Bounded stop behavior is much better now.
Structural editing is still shakier.

Those are different product problems, and they need different fixes.

Why I think this matters

I think a lot of coding assistants are still optimized around the wrong abstraction.

People talk about agent behavior as if it comes from one big system prompt. Sometimes it does. Many tools in this space still lean heavily on large monolithic prompts. But the real product behavior comes from the interaction between:

prompts
tool contracts
output formats
lifecycle structure
host policy
model choice

And sometimes the biggest improvement is not more prompt tuning at all. Sometimes it is introducing the right missing contract. That is what happened here.

The useful discovery was not “prompts matter.” Of course they do.

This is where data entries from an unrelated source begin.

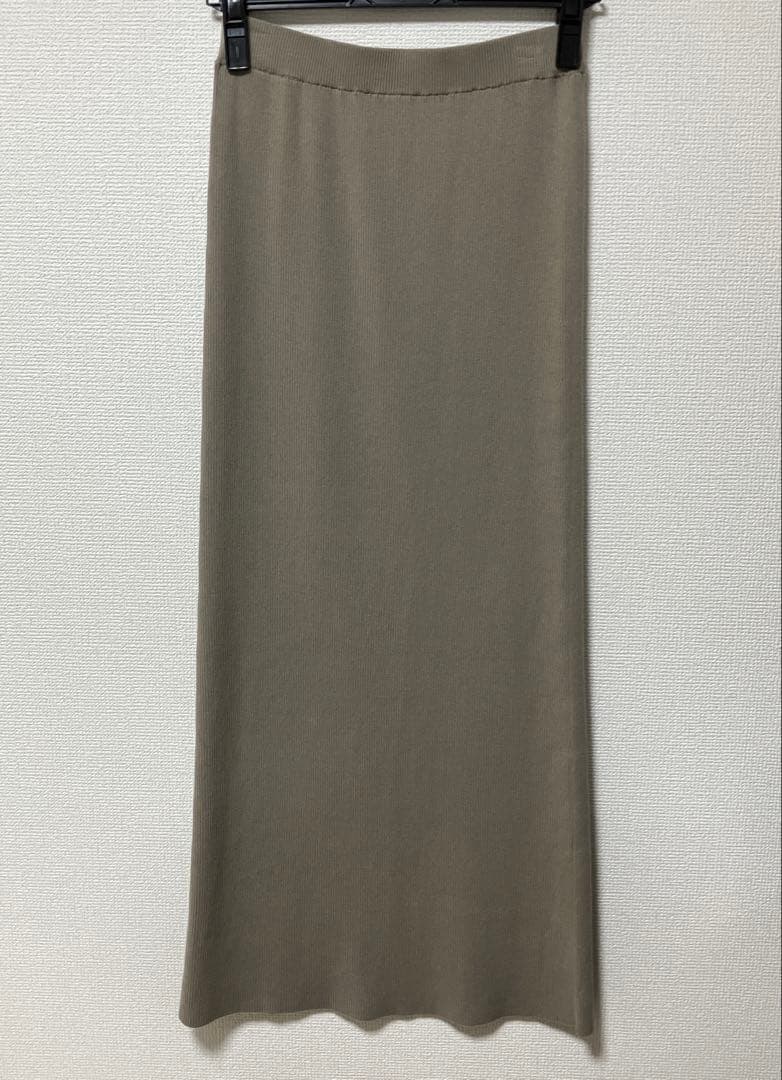 美品♡ Curensology カレンソロジー リブタイトスカート グレージュ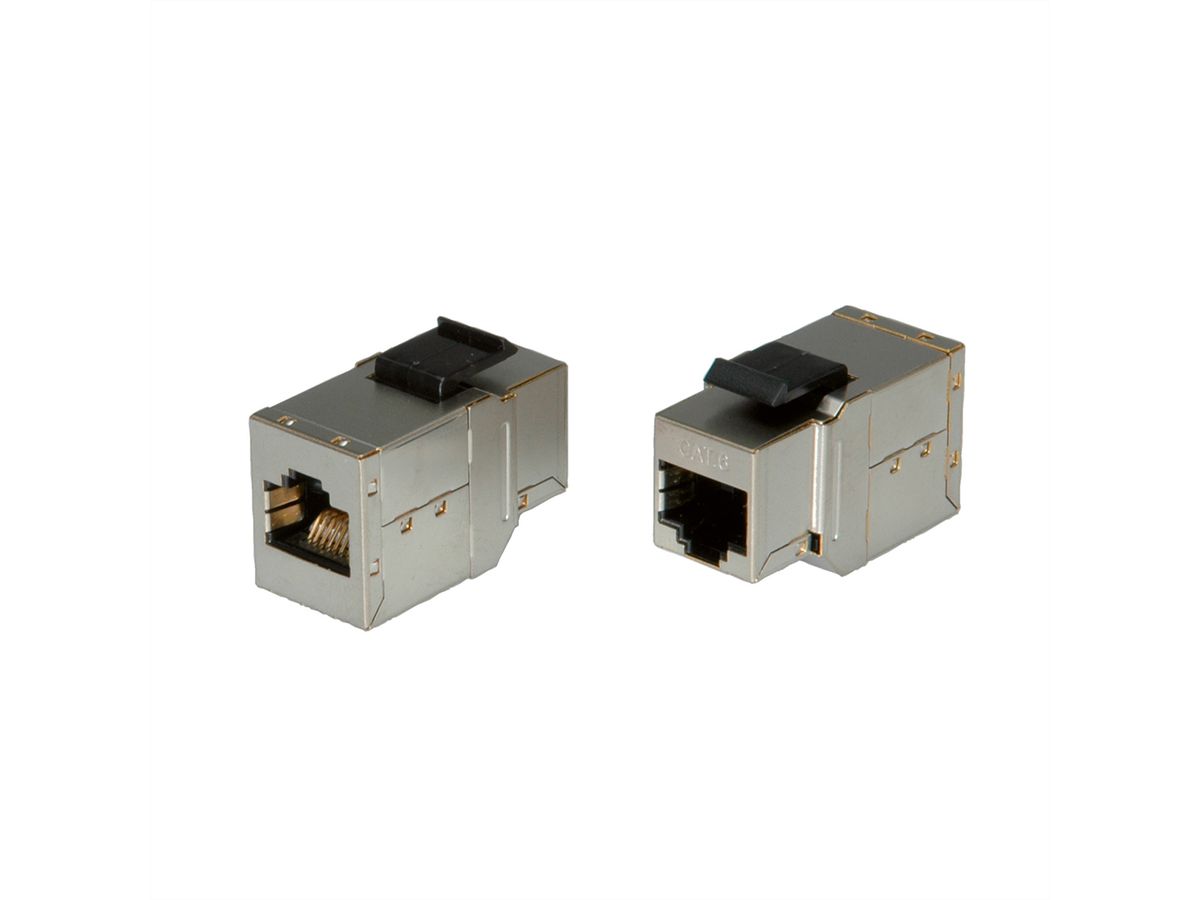 ROLINE RJ-45 Keystone Modular Coupler, Cat.6 (Class E), STP, silver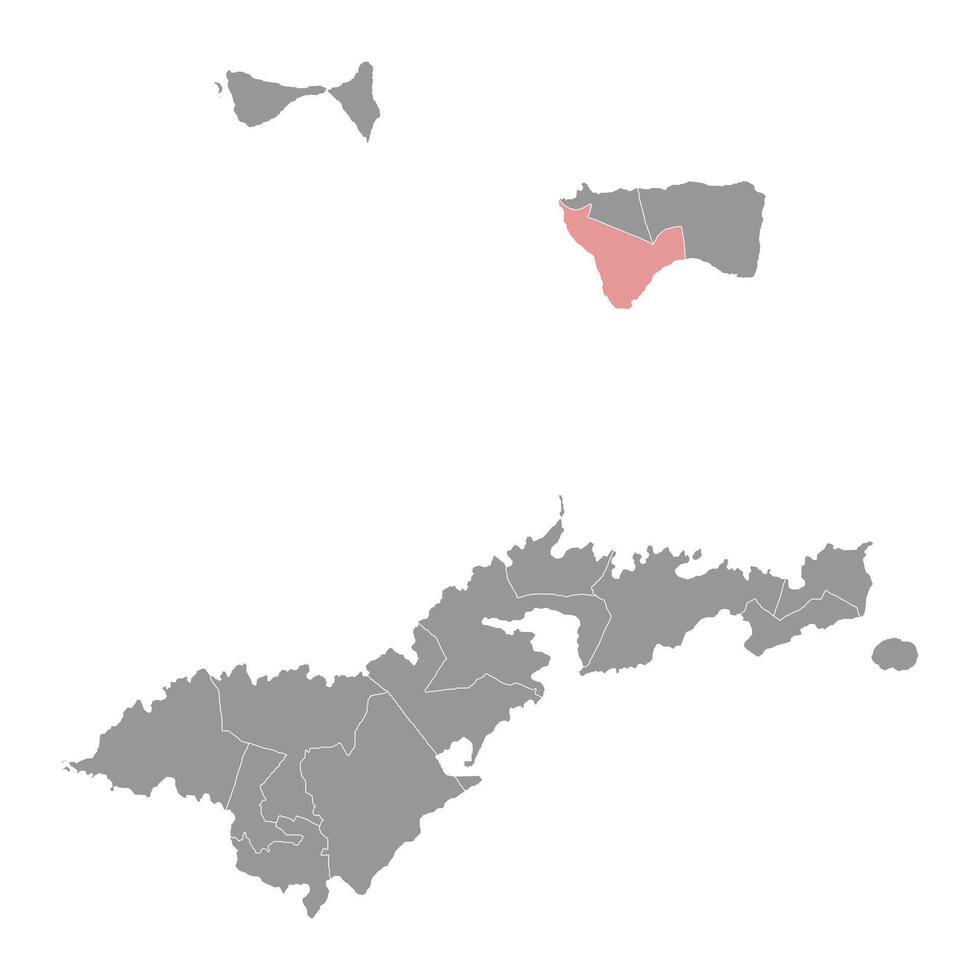 tau contea carta geografica, amministrativo divisione di americano samoa. vettore illustrazione.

The useful discovery was:

if the model has no explicit way to tell the host that it is done, the host will keep the loop alive, and the product will degrade even when the model already did the requested work.

That feels obvious in retrospect. It did not feel obvious before the harness made it painfully clear.

What I like about this fix

The lifecycle signal is one of my favorite kinds of product changes: small, explicit, architectural, easy to explain, and high leverage.

It also fits Acolyte’s philosophy cleanly. I do not want a host that supervises the model with a pile of heuristics. I want a host that gives the model a good environment to work in and a clean way to communicate state back when needed. A lifecycle signal does exactly that. Not a fake tool, not a workaround. A proper protocol.

And now that it exists, I suspect it will end up being useful in more places than this first completion problem.